Exercise goal:
Reproduce exactly the lines of the material beneath, from the line that contains "Casa de condomínio" to the line that contains "2 Steele St, Brownsville, PA", both included, and no other lines.

Data records:
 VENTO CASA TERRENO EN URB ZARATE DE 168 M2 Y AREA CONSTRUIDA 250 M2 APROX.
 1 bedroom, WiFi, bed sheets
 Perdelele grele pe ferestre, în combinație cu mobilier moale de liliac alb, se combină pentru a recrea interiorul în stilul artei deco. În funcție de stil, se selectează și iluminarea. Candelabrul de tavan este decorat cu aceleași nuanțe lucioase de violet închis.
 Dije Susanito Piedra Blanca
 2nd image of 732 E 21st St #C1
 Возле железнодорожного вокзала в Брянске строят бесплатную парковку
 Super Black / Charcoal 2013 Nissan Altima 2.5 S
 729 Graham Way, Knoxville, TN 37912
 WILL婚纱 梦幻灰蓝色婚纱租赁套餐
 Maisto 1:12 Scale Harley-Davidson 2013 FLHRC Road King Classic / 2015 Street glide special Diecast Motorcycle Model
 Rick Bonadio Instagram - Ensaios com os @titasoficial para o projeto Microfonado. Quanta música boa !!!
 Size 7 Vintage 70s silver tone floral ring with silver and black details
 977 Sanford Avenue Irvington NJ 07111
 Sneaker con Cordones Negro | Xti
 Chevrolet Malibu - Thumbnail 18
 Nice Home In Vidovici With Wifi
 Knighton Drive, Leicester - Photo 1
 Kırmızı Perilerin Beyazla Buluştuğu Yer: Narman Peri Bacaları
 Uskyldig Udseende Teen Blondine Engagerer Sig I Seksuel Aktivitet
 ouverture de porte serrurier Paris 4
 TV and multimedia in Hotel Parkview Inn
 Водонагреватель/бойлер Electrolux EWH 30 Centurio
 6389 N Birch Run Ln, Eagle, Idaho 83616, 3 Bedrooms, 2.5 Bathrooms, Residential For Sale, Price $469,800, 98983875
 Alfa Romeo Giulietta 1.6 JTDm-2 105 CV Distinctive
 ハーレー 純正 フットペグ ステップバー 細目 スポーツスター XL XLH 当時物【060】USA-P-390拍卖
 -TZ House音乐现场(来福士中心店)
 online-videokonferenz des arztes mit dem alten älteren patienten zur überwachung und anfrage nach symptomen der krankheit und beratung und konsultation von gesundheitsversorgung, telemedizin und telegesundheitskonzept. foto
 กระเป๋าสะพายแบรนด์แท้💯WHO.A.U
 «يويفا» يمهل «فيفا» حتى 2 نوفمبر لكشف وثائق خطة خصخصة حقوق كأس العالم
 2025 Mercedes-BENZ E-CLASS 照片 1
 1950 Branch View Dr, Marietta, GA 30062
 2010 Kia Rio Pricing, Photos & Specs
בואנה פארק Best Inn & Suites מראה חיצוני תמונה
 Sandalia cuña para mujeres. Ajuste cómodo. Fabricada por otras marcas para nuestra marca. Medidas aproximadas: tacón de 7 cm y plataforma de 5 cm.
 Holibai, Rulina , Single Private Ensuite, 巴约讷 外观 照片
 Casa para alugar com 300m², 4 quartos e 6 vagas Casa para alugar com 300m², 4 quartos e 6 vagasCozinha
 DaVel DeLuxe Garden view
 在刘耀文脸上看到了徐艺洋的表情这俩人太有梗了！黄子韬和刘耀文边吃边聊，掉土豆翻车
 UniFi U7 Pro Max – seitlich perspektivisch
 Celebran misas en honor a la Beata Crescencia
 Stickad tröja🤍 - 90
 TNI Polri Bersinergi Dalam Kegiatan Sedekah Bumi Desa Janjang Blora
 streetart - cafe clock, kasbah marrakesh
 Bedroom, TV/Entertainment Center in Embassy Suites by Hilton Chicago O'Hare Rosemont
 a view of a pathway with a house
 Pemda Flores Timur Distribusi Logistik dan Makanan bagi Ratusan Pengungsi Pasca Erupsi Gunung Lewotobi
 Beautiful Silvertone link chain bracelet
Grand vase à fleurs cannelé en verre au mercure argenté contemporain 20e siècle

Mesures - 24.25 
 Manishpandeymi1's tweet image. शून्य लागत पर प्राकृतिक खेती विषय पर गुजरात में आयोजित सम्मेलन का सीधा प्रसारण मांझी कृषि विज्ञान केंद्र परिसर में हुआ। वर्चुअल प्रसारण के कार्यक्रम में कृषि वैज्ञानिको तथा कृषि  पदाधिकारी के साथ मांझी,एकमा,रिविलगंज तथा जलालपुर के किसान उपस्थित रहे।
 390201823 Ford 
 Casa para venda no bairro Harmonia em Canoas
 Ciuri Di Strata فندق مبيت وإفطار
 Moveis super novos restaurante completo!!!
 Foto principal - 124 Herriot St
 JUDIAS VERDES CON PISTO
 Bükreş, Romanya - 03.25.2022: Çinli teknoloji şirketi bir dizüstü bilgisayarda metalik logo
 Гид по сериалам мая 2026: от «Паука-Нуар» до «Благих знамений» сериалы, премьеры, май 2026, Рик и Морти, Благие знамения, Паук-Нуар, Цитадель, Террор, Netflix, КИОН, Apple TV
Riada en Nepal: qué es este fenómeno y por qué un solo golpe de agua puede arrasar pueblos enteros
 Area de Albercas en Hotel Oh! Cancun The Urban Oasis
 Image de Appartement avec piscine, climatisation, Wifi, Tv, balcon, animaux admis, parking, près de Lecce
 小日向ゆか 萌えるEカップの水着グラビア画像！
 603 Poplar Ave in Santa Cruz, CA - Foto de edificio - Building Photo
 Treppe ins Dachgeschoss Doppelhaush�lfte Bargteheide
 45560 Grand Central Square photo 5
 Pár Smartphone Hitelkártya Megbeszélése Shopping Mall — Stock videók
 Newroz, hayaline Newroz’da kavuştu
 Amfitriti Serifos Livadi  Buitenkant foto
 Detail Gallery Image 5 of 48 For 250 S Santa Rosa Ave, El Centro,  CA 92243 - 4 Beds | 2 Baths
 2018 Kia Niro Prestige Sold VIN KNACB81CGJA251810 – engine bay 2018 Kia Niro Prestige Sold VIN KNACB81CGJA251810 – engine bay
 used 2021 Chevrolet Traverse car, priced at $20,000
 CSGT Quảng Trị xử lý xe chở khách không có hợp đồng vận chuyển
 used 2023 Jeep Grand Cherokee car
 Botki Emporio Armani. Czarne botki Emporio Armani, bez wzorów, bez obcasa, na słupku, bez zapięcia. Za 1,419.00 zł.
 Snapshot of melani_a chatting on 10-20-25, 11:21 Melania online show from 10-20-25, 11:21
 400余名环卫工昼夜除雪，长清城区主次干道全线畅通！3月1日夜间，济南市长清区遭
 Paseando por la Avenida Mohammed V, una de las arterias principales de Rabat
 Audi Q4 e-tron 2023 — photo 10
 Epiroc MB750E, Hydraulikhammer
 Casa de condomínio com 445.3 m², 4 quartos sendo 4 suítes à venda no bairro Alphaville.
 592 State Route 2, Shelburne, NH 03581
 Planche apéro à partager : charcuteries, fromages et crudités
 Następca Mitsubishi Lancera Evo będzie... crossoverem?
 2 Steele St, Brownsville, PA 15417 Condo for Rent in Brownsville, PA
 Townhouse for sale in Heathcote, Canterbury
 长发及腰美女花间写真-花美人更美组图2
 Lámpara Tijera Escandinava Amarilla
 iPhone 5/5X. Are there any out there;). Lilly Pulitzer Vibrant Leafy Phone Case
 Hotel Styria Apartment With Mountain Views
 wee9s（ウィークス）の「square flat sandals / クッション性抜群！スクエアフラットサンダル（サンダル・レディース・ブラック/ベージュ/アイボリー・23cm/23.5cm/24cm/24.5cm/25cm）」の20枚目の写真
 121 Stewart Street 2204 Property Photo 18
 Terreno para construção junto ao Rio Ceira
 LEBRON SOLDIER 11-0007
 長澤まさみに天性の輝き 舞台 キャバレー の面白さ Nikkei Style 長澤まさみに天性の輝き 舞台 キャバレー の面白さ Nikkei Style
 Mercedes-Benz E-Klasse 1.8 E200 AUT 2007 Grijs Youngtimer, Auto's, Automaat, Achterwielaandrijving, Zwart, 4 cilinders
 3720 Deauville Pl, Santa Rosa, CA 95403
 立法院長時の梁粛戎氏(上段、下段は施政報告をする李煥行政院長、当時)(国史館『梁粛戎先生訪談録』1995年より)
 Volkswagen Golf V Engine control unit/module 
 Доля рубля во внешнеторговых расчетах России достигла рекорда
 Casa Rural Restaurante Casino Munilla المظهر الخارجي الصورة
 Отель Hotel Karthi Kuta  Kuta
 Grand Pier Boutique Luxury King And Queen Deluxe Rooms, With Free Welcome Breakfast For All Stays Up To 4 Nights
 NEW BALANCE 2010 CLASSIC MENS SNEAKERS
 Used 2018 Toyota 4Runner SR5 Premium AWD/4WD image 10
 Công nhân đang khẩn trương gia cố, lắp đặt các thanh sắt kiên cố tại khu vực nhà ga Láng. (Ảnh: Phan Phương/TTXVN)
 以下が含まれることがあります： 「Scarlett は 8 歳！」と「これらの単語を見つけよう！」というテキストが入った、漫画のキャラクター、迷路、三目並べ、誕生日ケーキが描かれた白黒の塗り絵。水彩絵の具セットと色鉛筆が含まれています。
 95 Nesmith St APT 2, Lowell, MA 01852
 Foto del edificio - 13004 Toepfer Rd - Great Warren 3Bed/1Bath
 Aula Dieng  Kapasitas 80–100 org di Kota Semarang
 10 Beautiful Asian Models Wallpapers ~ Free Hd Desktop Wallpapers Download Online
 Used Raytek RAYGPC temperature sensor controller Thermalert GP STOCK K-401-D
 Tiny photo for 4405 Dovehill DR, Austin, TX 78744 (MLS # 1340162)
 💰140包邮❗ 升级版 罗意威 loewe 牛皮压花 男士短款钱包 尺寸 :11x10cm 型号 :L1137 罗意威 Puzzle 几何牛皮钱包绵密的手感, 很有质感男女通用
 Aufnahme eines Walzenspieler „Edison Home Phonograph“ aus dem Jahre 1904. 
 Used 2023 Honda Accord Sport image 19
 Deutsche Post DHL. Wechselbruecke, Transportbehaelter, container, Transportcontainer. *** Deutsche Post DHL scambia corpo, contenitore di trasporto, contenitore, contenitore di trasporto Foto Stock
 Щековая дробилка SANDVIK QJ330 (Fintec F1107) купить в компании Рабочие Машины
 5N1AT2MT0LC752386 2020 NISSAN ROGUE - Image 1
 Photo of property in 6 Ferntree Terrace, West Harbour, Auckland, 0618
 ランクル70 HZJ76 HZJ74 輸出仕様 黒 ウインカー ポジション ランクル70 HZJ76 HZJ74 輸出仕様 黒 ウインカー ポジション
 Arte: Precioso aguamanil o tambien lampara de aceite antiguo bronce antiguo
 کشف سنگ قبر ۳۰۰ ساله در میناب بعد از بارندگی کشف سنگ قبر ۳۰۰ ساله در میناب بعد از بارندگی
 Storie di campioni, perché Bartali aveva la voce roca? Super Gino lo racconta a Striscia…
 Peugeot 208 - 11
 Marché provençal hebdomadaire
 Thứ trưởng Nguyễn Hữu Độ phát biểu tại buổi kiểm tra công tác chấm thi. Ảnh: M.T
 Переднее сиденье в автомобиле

Result of this exercise:
 Casa de condomínio com 445.3 m², 4 quartos sendo 4 suítes à venda no bairro Alphaville.
 592 State Route 2, Shelburne, NH 03581
 Planche apéro à partager : charcuteries, fromages et crudités
 Następca Mitsubishi Lancera Evo będzie... crossoverem?
 2 Steele St, Brownsville, PA 15417 Condo for Rent in Brownsville, PA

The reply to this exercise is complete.